- **Records for this task**:
»»
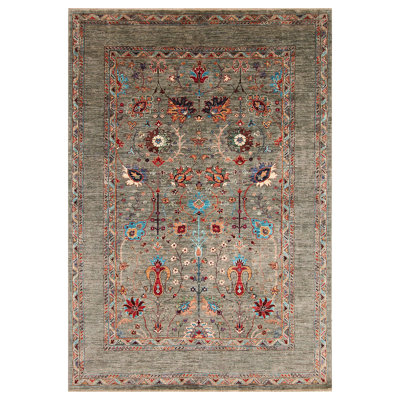 Wool Oriental Area Rug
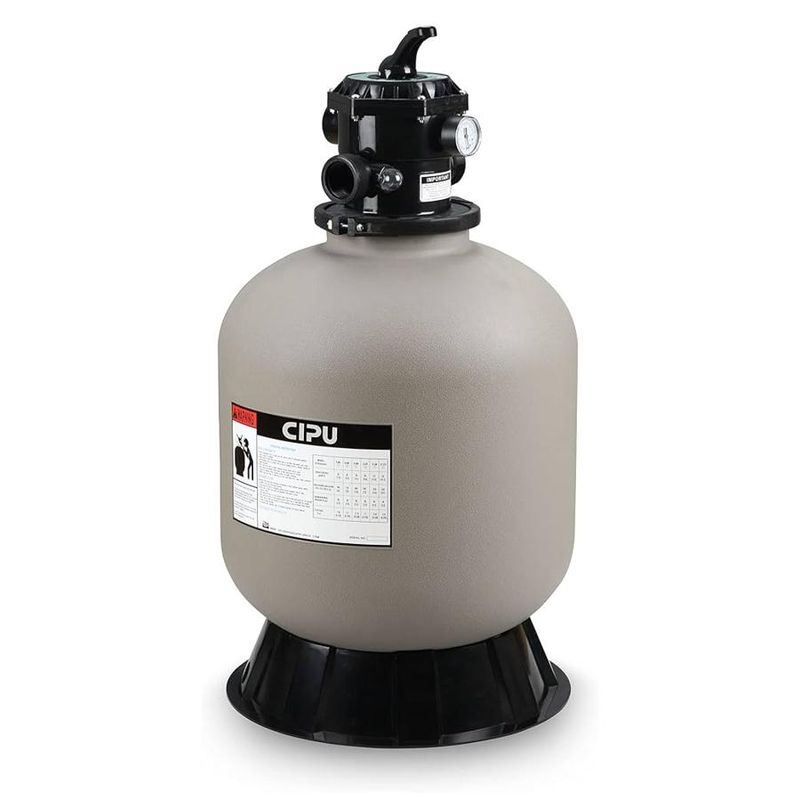 NorthFlo 19” Sand Filter With 6 - Way Valve (FLT-73050) NorthFlo 19” Sand Filter With 6 - Way Valve (FLT-73050)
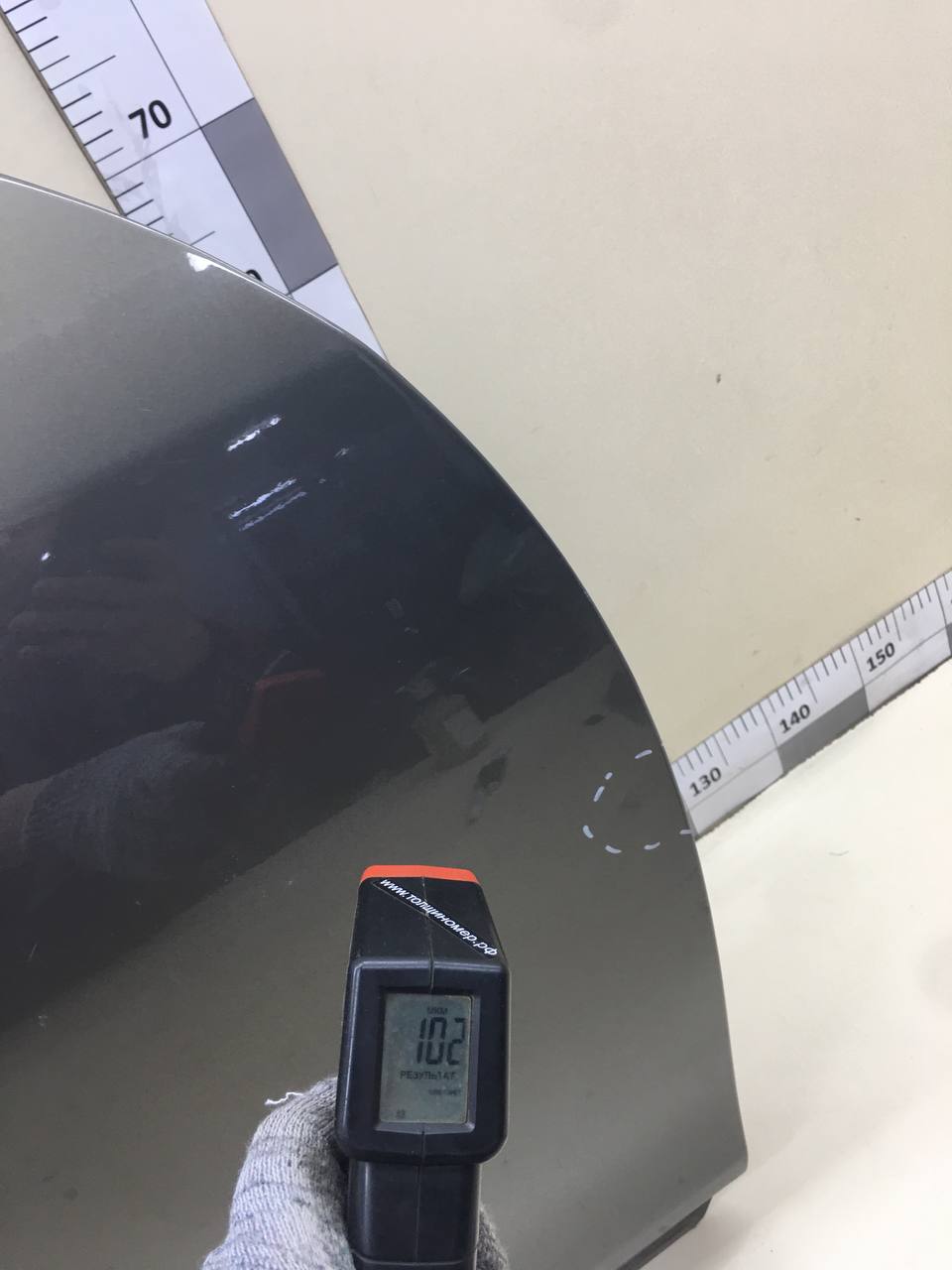 Дверь передняя правая Infiniti FX/QX70 (S50) 2008-2017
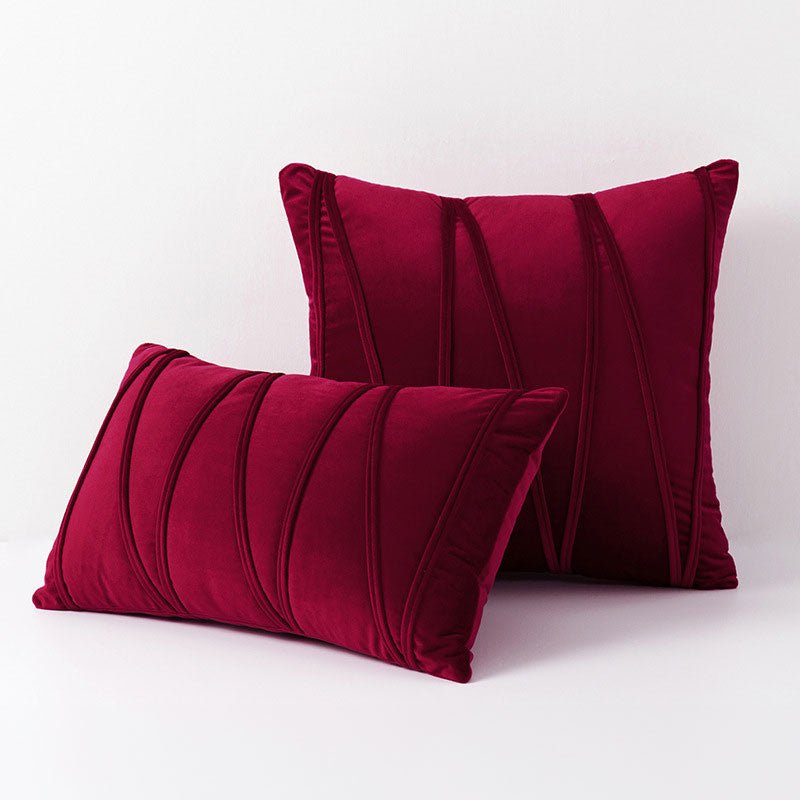 Virelle Maison - Coussin décoratif en velours doux – Housse amovible | Virelle Maison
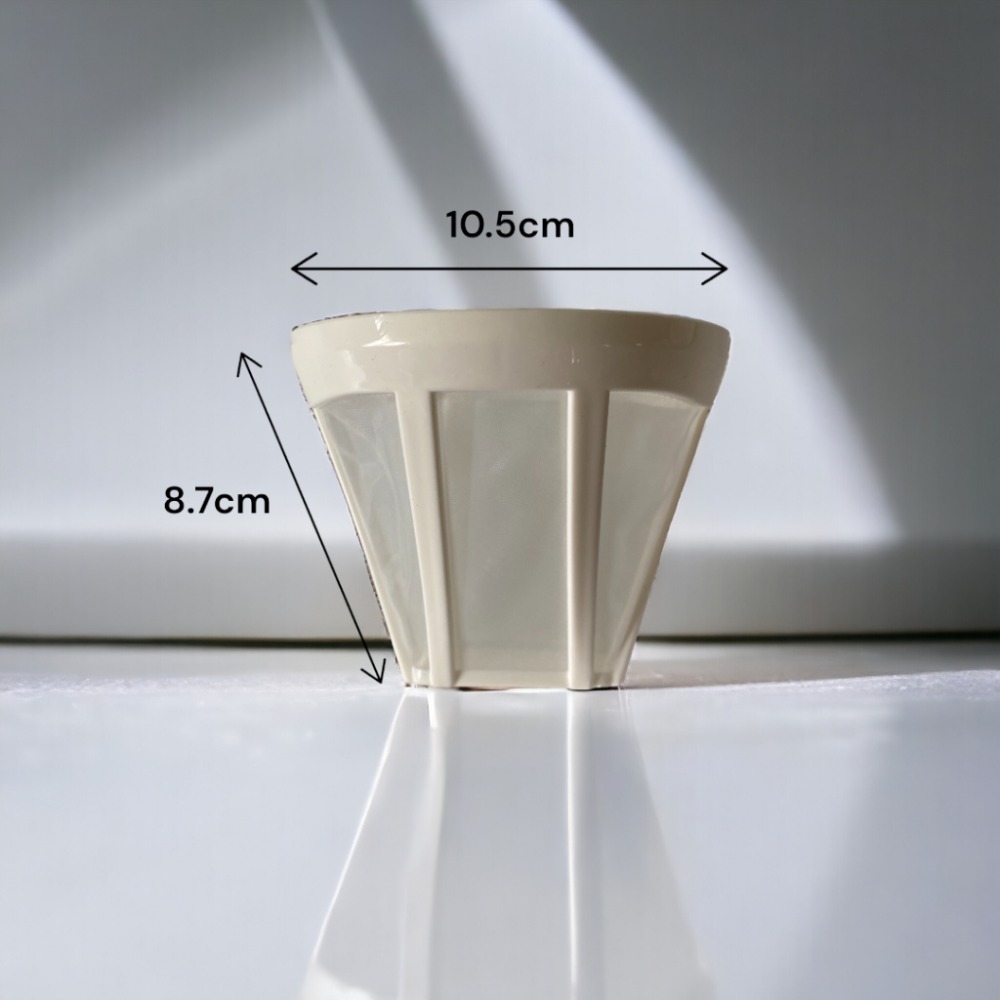 ✨愛鴨咖啡✨漏式咖啡機配件 通用濾網 美式咖啡壺 美式咖啡機濾網 TSK-1171/117/TSK-1431B-規格圖4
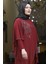 Aylin Abiye Bordo 2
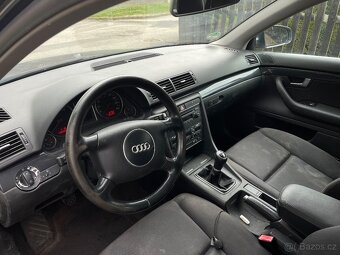 Audi A4 1,9 TDi 96kW Havarované - 12
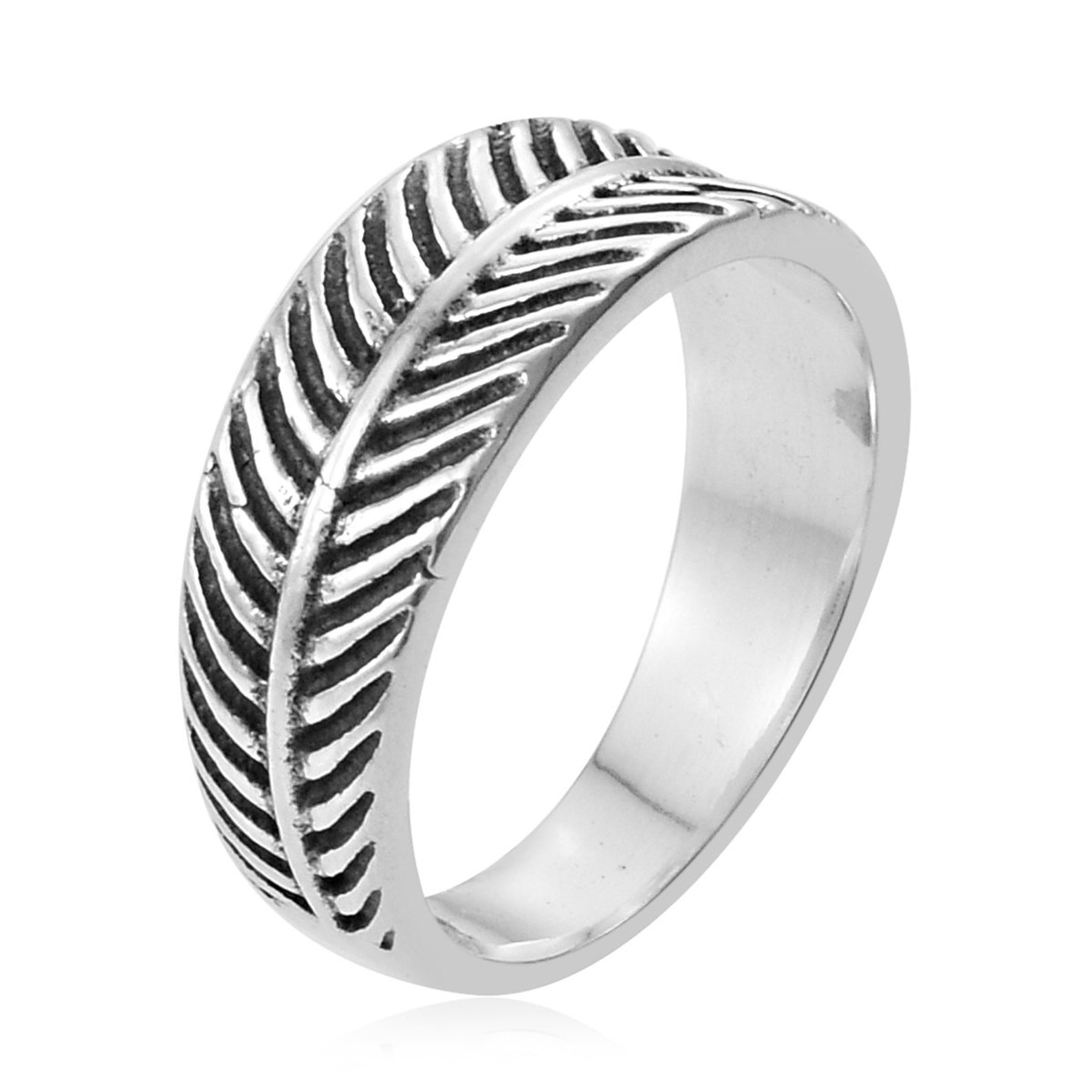 Thumb Ring 925-Sterling Silver RingAntique Silver | Etsy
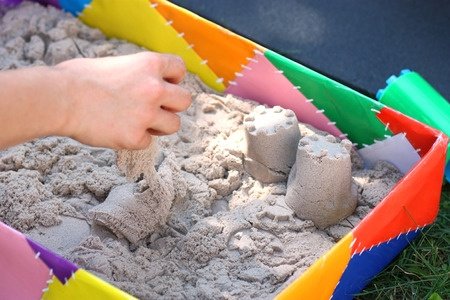 Make Your Own Kinetic Sand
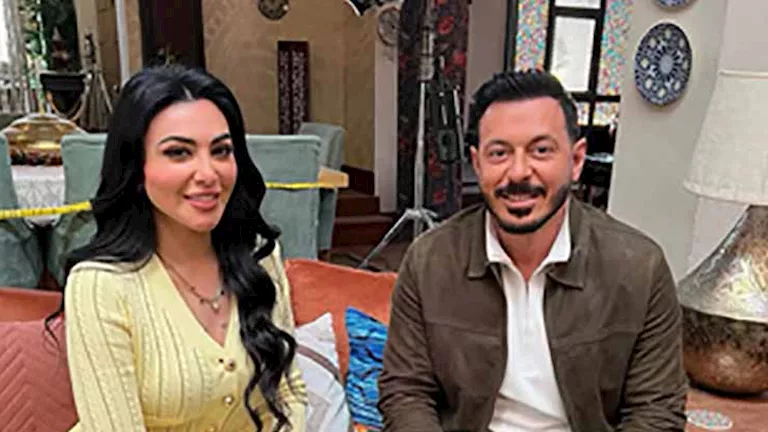 رمضان 2026.. ميرهان حسين مع مصطفى شعبان في كواليس “درش”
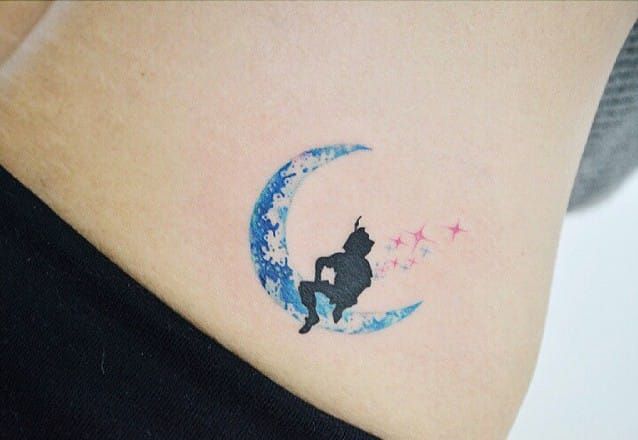 Peter Pan tattoo by tattooist_banul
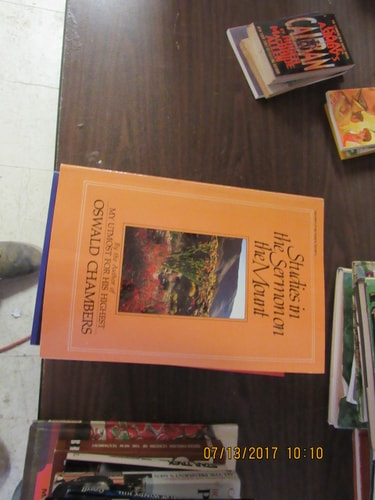 Studies in the Sermon on the Mount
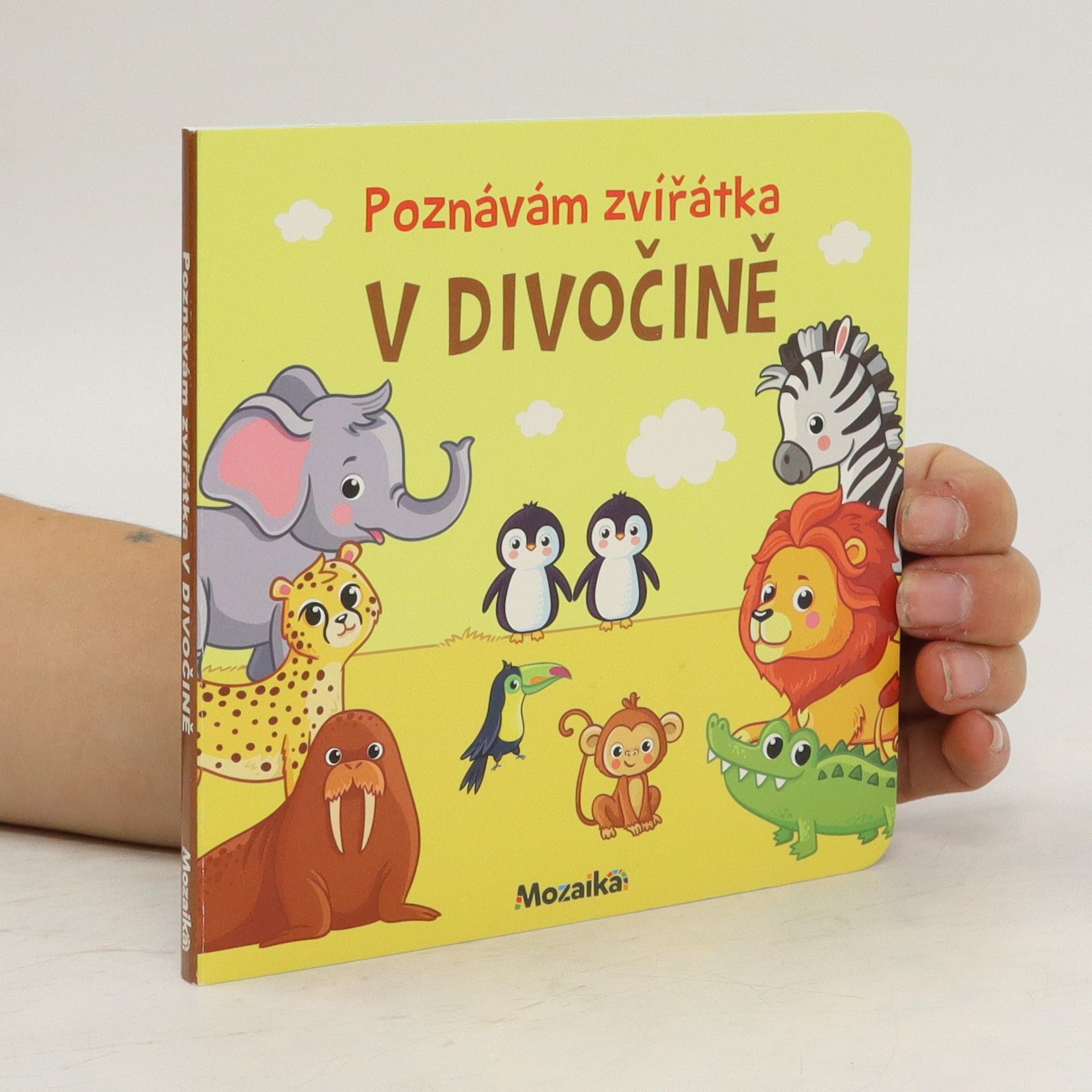 Kolektiv autorů Poznávám zvířátka v divočině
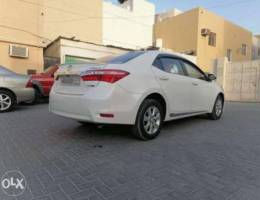 Toyota Corolla 2.0 model 2016 excellent co...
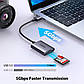 Картрідер UGREEN CM401 USB-A to SD/TF Memory Card Reader Alu Case(UGR-80887), фото 4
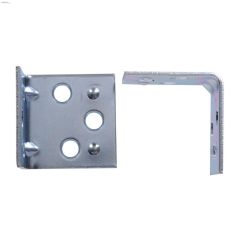 2\" Zinc Plated Double Wide Corner Brace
««
- **Work to be completed**:
Copy all entries exactly; skip pictures.

- **Answer to this task**:
 Wool Oriental Area Rug
 NorthFlo 19” Sand Filter With 6 - Way Valve (FLT-73050) NorthFlo 19” Sand Filter With 6 - Way Valve (FLT-73050)
 Дверь передняя правая Infiniti FX/QX70 (S50) 2008-2017
 Virelle Maison - Coussin décoratif en velours doux – Housse amovible | Virelle Maison
 ✨愛鴨咖啡✨漏式咖啡機配件 通用濾網 美式咖啡壺 美式咖啡機濾網 TSK-1171/117/TSK-1431B-規格圖4
 Aylin Abiye Bordo 2
 Audi A4 1,9 TDi 96kW Havarované - 12
 Thumb Ring 925-Sterling Silver RingAntique Silver | Etsy
 Make Your Own Kinetic Sand
 رمضان 2026.. ميرهان حسين مع مصطفى شعبان في كواليس “درش”
 Peter Pan tattoo by tattooist_banul
 Studies in the Sermon on the Mount
 Kolektiv autorů Poznávám zvířátka v divočině
 Toyota Corolla 2.0 model 2016 excellent co...
 Картрідер UGREEN CM401 USB-A to SD/TF Memory Card Reader Alu Case(UGR-80887), фото 4
 2\" Zinc Plated Double Wide Corner Brace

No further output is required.